EXERCISE GOAL >>
Look at the entries below and reproduce them exactly.

STORED DATA >>
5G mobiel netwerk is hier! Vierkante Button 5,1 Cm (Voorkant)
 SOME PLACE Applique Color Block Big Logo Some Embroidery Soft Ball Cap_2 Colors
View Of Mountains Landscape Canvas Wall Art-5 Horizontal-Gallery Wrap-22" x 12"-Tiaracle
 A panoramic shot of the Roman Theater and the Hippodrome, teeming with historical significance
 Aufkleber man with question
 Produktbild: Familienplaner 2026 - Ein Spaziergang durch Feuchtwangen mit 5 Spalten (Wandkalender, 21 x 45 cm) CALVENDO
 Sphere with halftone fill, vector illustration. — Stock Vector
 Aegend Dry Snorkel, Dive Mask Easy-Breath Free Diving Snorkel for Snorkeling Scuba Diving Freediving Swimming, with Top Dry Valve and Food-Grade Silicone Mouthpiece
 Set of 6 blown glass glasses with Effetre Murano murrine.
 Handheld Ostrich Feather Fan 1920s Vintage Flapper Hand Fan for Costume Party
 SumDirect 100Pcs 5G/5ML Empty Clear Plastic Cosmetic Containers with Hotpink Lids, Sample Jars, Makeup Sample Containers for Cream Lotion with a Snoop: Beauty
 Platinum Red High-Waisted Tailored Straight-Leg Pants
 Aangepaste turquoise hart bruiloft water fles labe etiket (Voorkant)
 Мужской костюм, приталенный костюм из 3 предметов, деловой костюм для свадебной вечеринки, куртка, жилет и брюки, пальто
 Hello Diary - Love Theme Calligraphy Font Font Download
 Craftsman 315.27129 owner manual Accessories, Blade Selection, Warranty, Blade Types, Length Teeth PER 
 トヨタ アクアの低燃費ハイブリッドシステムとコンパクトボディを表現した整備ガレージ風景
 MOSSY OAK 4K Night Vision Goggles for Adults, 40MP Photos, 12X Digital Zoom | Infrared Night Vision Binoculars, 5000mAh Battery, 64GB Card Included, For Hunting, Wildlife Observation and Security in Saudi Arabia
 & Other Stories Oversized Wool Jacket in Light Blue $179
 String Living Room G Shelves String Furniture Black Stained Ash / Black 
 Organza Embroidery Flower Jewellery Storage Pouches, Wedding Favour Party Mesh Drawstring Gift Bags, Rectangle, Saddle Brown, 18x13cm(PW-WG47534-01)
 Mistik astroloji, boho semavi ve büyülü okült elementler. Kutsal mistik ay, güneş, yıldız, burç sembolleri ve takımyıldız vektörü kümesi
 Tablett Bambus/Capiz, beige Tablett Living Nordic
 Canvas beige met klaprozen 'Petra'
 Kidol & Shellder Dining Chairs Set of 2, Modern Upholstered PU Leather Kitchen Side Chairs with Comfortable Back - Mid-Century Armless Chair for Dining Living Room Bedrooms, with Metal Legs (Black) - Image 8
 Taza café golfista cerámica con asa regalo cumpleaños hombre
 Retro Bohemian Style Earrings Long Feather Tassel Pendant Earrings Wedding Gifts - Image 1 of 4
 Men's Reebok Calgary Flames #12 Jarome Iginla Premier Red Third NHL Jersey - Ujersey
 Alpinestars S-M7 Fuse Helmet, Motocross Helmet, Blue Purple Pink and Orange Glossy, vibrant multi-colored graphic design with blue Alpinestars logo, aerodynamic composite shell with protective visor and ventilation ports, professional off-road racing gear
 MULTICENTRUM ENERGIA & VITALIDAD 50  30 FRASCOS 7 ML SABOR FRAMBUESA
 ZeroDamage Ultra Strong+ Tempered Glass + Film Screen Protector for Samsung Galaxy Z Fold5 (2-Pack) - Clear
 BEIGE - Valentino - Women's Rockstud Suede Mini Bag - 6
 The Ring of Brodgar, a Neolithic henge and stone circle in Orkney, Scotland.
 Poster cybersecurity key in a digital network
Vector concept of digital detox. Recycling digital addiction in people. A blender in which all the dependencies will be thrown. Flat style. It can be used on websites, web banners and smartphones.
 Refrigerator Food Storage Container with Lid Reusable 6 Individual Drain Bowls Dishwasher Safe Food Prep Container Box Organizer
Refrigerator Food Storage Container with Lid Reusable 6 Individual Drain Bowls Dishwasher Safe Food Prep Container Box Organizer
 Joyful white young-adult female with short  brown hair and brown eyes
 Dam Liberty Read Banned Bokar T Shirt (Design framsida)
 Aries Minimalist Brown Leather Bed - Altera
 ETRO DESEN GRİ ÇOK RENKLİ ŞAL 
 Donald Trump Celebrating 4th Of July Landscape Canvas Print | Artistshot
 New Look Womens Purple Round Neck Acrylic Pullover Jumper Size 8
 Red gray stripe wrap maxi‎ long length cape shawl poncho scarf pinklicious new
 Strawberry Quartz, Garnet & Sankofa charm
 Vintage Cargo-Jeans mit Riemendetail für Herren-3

ANSWER FOR THE TASK >>
5G mobiel netwerk is hier! Vierkante Button 5,1 Cm (Voorkant)
 SOME PLACE Applique Color Block Big Logo Some Embroidery Soft Ball Cap_2 Colors
View Of Mountains Landscape Canvas Wall Art-5 Horizontal-Gallery Wrap-22" x 12"-Tiaracle
 A panoramic shot of the Roman Theater and the Hippodrome, teeming with historical significance
 Aufkleber man with question
 Produktbild: Familienplaner 2026 - Ein Spaziergang durch Feuchtwangen mit 5 Spalten (Wandkalender, 21 x 45 cm) CALVENDO
 Sphere with halftone fill, vector illustration. — Stock Vector
 Aegend Dry Snorkel, Dive Mask Easy-Breath Free Diving Snorkel for Snorkeling Scuba Diving Freediving Swimming, with Top Dry Valve and Food-Grade Silicone Mouthpiece
 Set of 6 blown glass glasses with Effetre Murano murrine.
 Handheld Ostrich Feather Fan 1920s Vintage Flapper Hand Fan for Costume Party
 SumDirect 100Pcs 5G/5ML Empty Clear Plastic Cosmetic Containers with Hotpink Lids, Sample Jars, Makeup Sample Containers for Cream Lotion with a Snoop: Beauty
 Platinum Red High-Waisted Tailored Straight-Leg Pants
 Aangepaste turquoise hart bruiloft water fles labe etiket (Voorkant)
 Мужской костюм, приталенный костюм из 3 предметов, деловой костюм для свадебной вечеринки, куртка, жилет и брюки, пальто
 Hello Diary - Love Theme Calligraphy Font Font Download
 Craftsman 315.27129 owner manual Accessories, Blade Selection, Warranty, Blade Types, Length Teeth PER 
 トヨタ アクアの低燃費ハイブリッドシステムとコンパクトボディを表現した整備ガレージ風景
 MOSSY OAK 4K Night Vision Goggles for Adults, 40MP Photos, 12X Digital Zoom | Infrared Night Vision Binoculars, 5000mAh Battery, 64GB Card Included, For Hunting, Wildlife Observation and Security in Saudi Arabia
 & Other Stories Oversized Wool Jacket in Light Blue $179
 String Living Room G Shelves String Furniture Black Stained Ash / Black 
 Organza Embroidery Flower Jewellery Storage Pouches, Wedding Favour Party Mesh Drawstring Gift Bags, Rectangle, Saddle Brown, 18x13cm(PW-WG47534-01)
 Mistik astroloji, boho semavi ve büyülü okült elementler. Kutsal mistik ay, güneş, yıldız, burç sembolleri ve takımyıldız vektörü kümesi
 Tablett Bambus/Capiz, beige Tablett Living Nordic
 Canvas beige met klaprozen 'Petra'
 Kidol & Shellder Dining Chairs Set of 2, Modern Upholstered PU Leather Kitchen Side Chairs with Comfortable Back - Mid-Century Armless Chair for Dining Living Room Bedrooms, with Metal Legs (Black) - Image 8
 Taza café golfista cerámica con asa regalo cumpleaños hombre
 Retro Bohemian Style Earrings Long Feather Tassel Pendant Earrings Wedding Gifts - Image 1 of 4
 Men's Reebok Calgary Flames #12 Jarome Iginla Premier Red Third NHL Jersey - Ujersey
 Alpinestars S-M7 Fuse Helmet, Motocross Helmet, Blue Purple Pink and Orange Glossy, vibrant multi-colored graphic design with blue Alpinestars logo, aerodynamic composite shell with protective visor and ventilation ports, professional off-road racing gear
 MULTICENTRUM ENERGIA & VITALIDAD 50  30 FRASCOS 7 ML SABOR FRAMBUESA
 ZeroDamage Ultra Strong+ Tempered Glass + Film Screen Protector for Samsung Galaxy Z Fold5 (2-Pack) - Clear
 BEIGE - Valentino - Women's Rockstud Suede Mini Bag - 6
 The Ring of Brodgar, a Neolithic henge and stone circle in Orkney, Scotland.
 Poster cybersecurity key in a digital network
Vector concept of digital detox. Recycling digital addiction in people. A blender in which all the dependencies will be thrown. Flat style. It can be used on websites, web banners and smartphones.
 Refrigerator Food Storage Container with Lid Reusable 6 Individual Drain Bowls Dishwasher Safe Food Prep Container Box Organizer
Refrigerator Food Storage Container with Lid Reusable 6 Individual Drain Bowls Dishwasher Safe Food Prep Container Box Organizer
 Joyful white young-adult female with short  brown hair and brown eyes
 Dam Liberty Read Banned Bokar T Shirt (Design framsida)
 Aries Minimalist Brown Leather Bed - Altera
 ETRO DESEN GRİ ÇOK RENKLİ ŞAL 
 Donald Trump Celebrating 4th Of July Landscape Canvas Print | Artistshot
 New Look Womens Purple Round Neck Acrylic Pullover Jumper Size 8
 Red gray stripe wrap maxi‎ long length cape shawl poncho scarf pinklicious new
 Strawberry Quartz, Garnet & Sankofa charm
 Vintage Cargo-Jeans mit Riemendetail für Herren-3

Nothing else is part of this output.